Your answer should be an exact copy of the lines from the one holding "Elegant Snake-Style Quartz" to the end of the material below, pictures left out.

Given information →
::::::

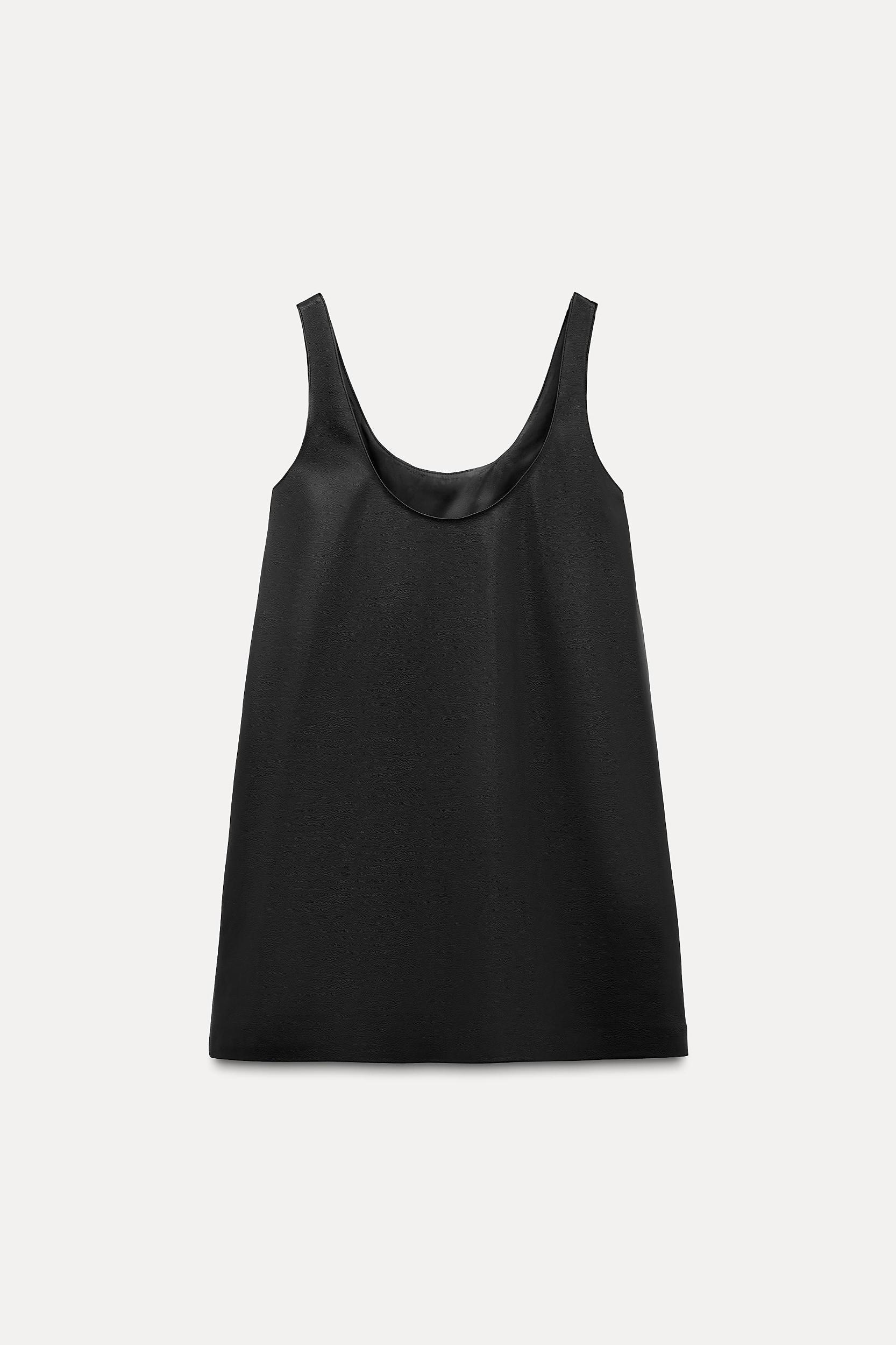 FAUX LEATHER BEADED DRESS ZW COLLECTION Product Image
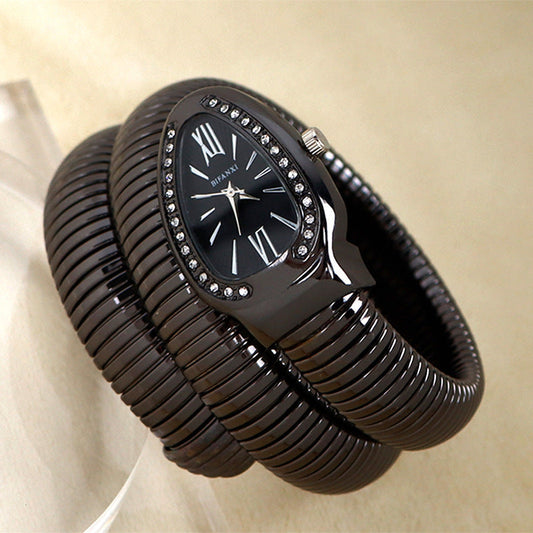 Elegant Snake-Style Quartz Watch with Stainless Steel Bracelet – Unique Oval Dial in Multiple Colours
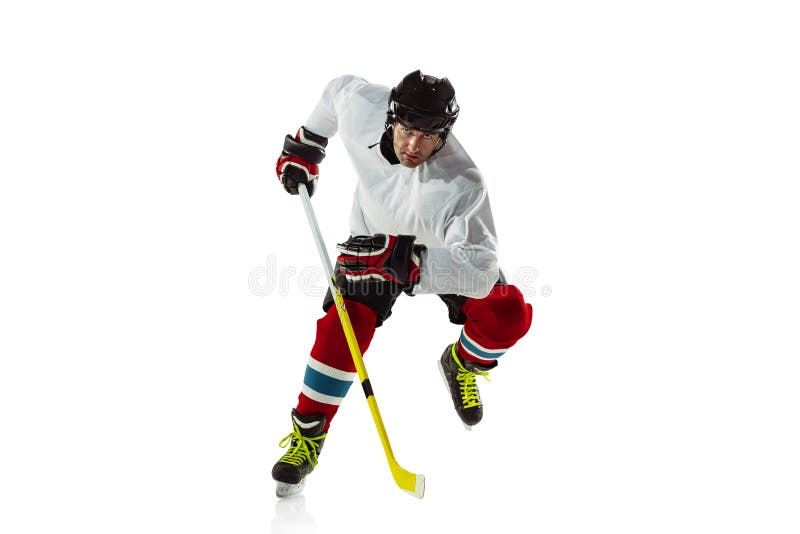 Download Young Male Hockey Player With The Stick On Ice Court And ...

::::::

Answer below →
 Elegant Snake-Style Quartz Watch with Stainless Steel Bracelet – Unique Oval Dial in Multiple Colours
 Download Young Male Hockey Player With The Stick On Ice Court And ...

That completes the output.